I blush so hot he gets a sunburn.

“Oh, yeah. Shit.” I accidentally over-pour and create one colossal pancake that covers the entire skillet. “Yup. I’m good.”

“I’ll take it—you know I like the big ones,” he says before he catches my eye and winks.

WINKS.

And it’s not one of those lecherous man-in-power winks; it’s a teasing quick one. Men who have callused hands and know how to fix a truck radiator should have to have a special license before going around winking at women.

“What are you two whispering about over there?” Edith demands.

I jump a mile in the air. “Edith! Where’d you come from?!”

She’s sipping coffee at the table. “I’ve been here since you walked in.”

I didn’t even see her—that’s how focused in on Jack I am. I walked right past Edith like she was a marble statue.

I laugh and sweat. “Ha ha ha, of course. You’re just looking so thin from all the yoga. Want a pancake?”

She eyes my skillet over the brim of her reading glasses, lips tugged in a thin, disapproving line. “Not if it’s gonna be like that.”

“I’ll make you a better one.”

She’s skeptical of my weirdness. I need to tone it down, but I’m scared she knows what we did in this house last night. I’m scared Alfred has ratted us out. He probably didn’t even need to. Hell, my butt cheeks probably left sweat marks on the door. I make a mental note to check just as soon as I finish with breakfast.

“Jack, what do you have goin’ on today?” Edith asks as he goes over to fill her coffee. He usually doesn’t wait on her like that, but I think he’s trying to throw her off our scent.

“Working for a good part of it. Might take you and Meredith into town later for dinner if y’all are up for it.”

A DATE!

A DATE WITH HIS GRANDMA! That’s basically skipping straight to meeting the family.

“That’d be fine, but it better not be someplace cheap,” Edith says. “If I’m fixing myself up nice, I want a steak.”

He agrees and turns to me, brow arched. “Meredith, you free?”
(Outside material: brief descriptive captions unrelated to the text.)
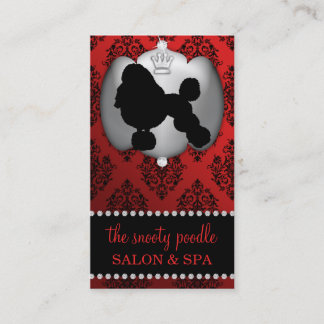 Sangria Red Jeweled Damask Dog Grooming/Spa Visitekaartje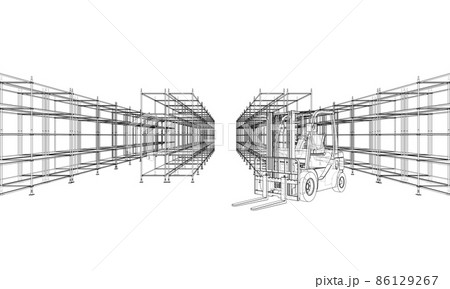 Warehouse shelves and forklift. 3d illustration 86129267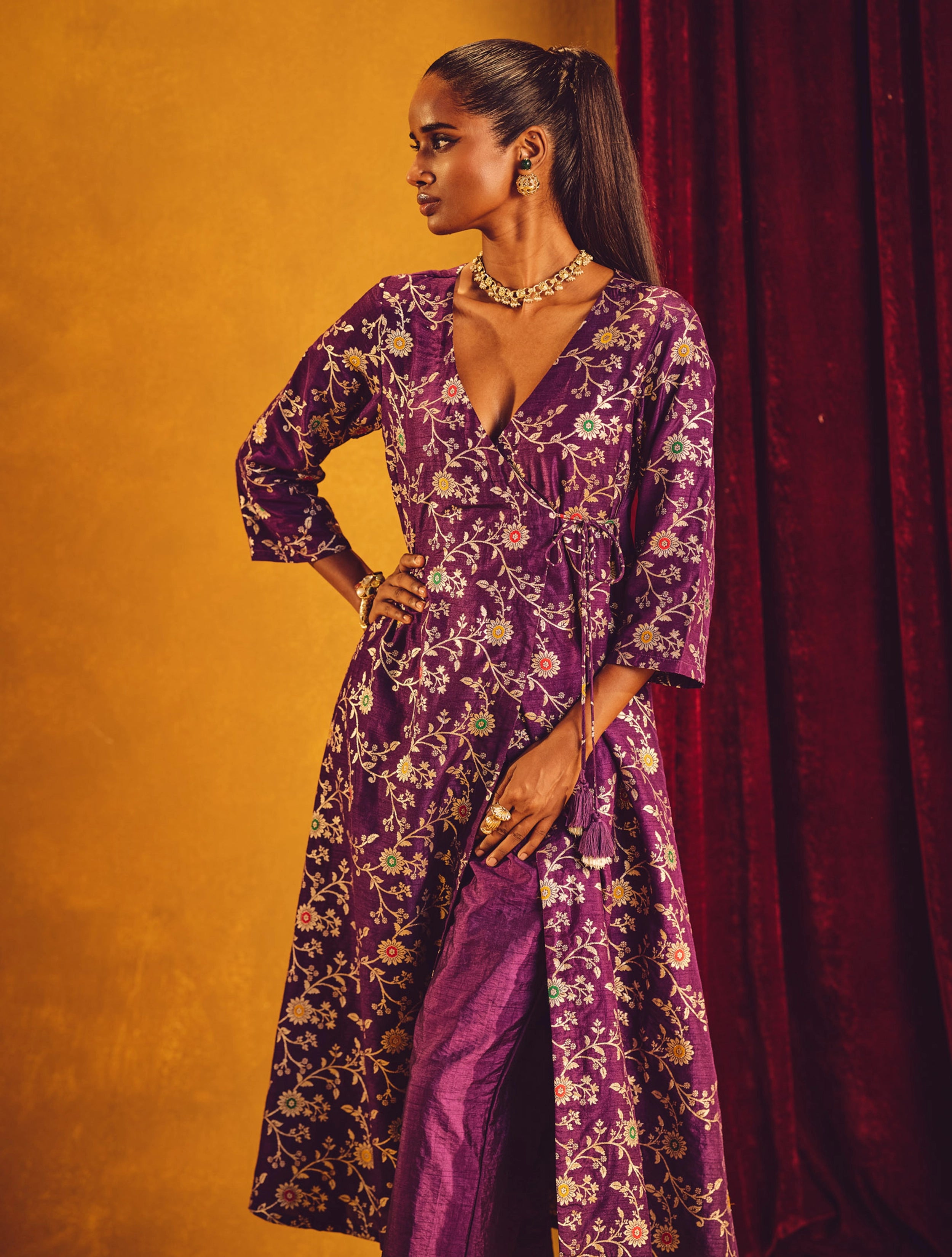 trueBrowns Purple Brocade Angrakha Kurta Set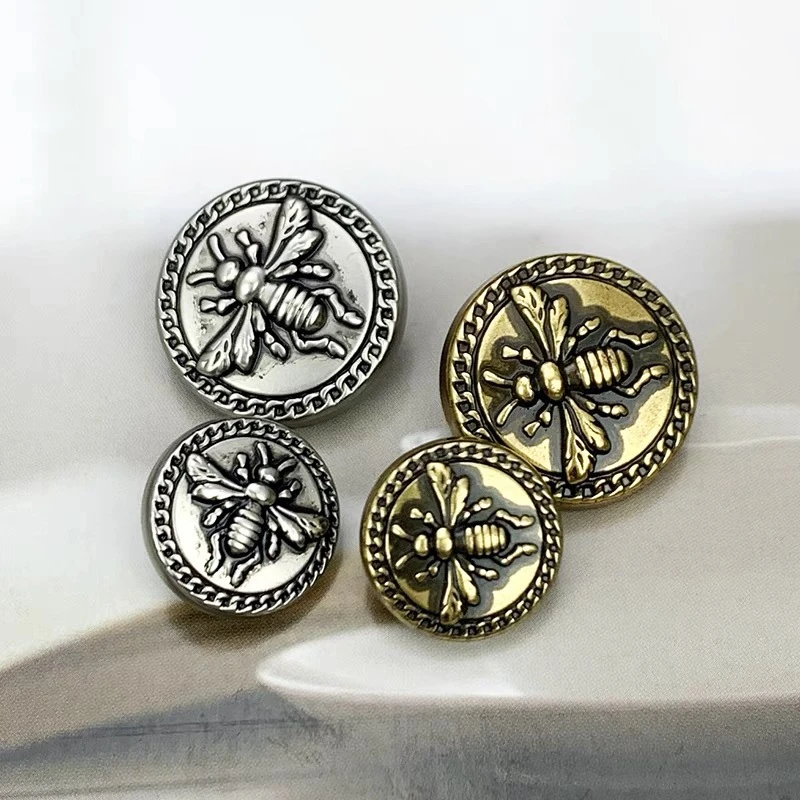 10pcs 15/20mm Bee Design Vintage Clothing Buttons Sewing Supplies and Accessories Metal Buttons for Clothing DIY Sewing Buttons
I stare into his brown eyes for so long I burn his pancake. Then, I carry it out back and toss it in the trash so it doesn’t stink up the kitchen.
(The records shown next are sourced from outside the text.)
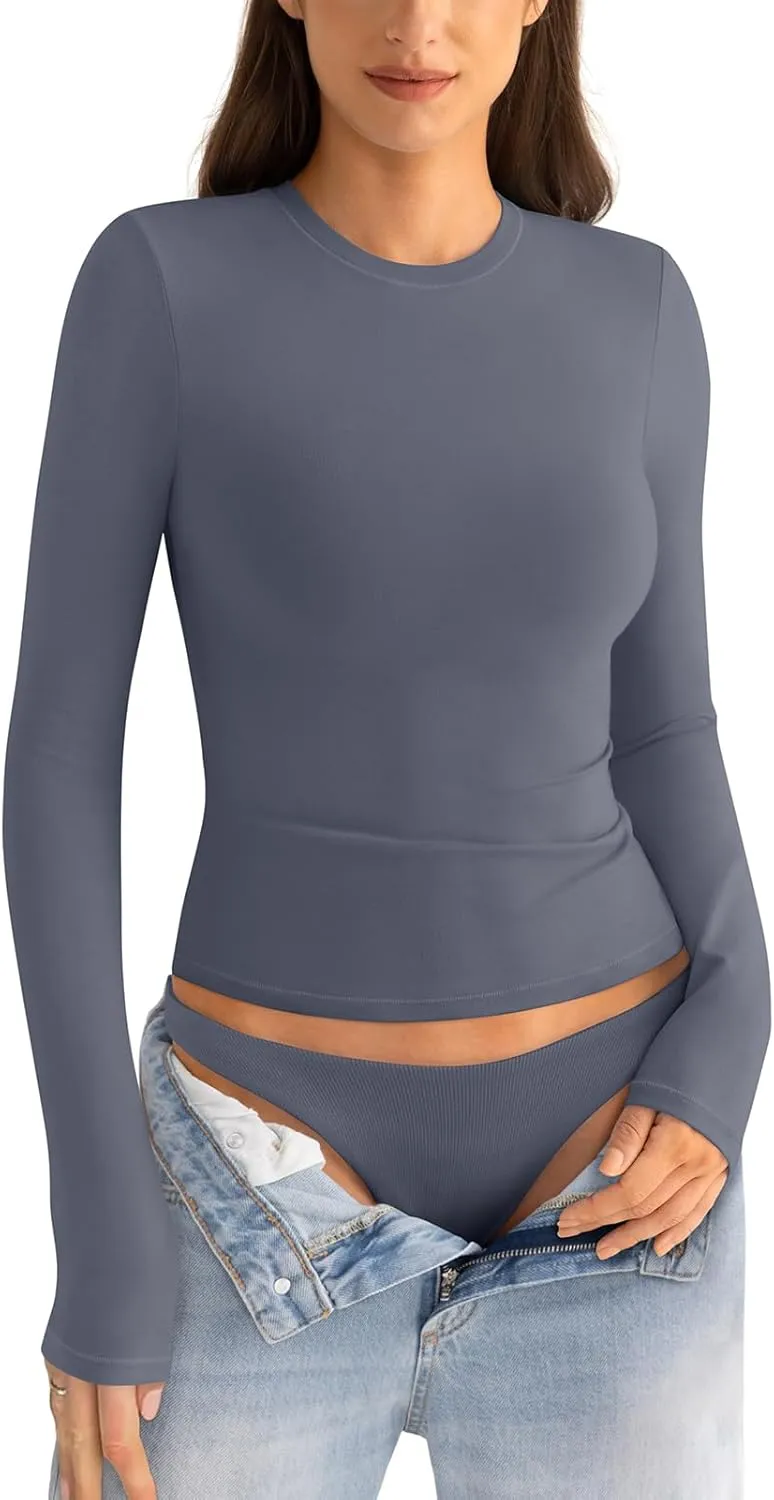 Womens Cotton Long Sleeve Shirts Crew Neck Slim Fit Basic Going Out Crop Outfits for Spring Fall 2025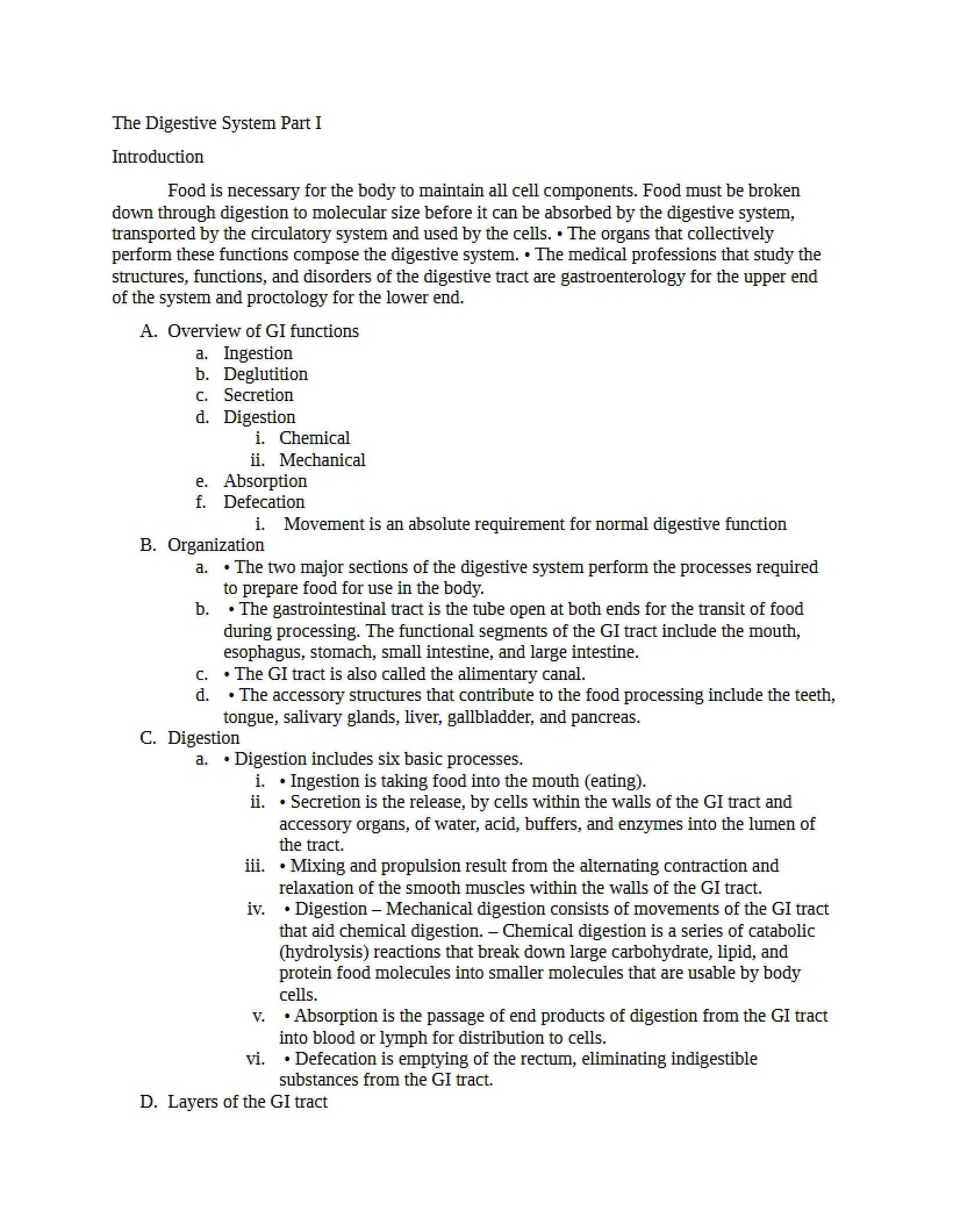 Digestive System Part One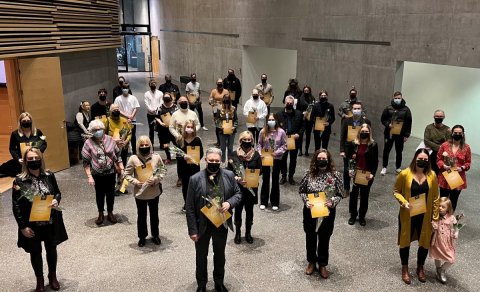 Frá afhendingu styrkja úr sjóðnum. Myndin er tekin af kea.is.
“What’s with you today?” Edith asks when I walk back inside. “Do you have the flu? You look pale and red at the same time.”

I don’t even think that question merits a response, but I give her one anyway. “No, Edith, I don’t have the flu, but I’ll go take my temperature just in case. Yes, Jack, dinner would be fine, provided I don’t have the flu—which I don’t. Now will you two stop distracting me so I can actually make some decent pancakes?”

Jack holds up his hands in deference and says he’ll be out back throwing the ball for Alfred. Really, he’s just trying to get away from Edith. He knows if we’re together in a room with her long enough, she’ll catch on to us. She’s like a wily detective, good cop, bad cop, and grandma all wrapped up in one.

You’d think I wouldn’t be one for keeping secrets. Secrets, secrets are no fun unless you tell everyone—yada yada. Whoever came up with that catchy little rhyme clearly never engaged in a sexy secret affair, because guess what? Keeping this secret from Edith is fun as shit, like when I take some coffee up to Jack’s office later in the afternoon and just as I turn to leave, he catches hold of my elbow and pulls me down on his lap. The door is open. We could get caught. Edith could swat us in the heads with a rolled-up newspaper.

“How are you feeling about last night?”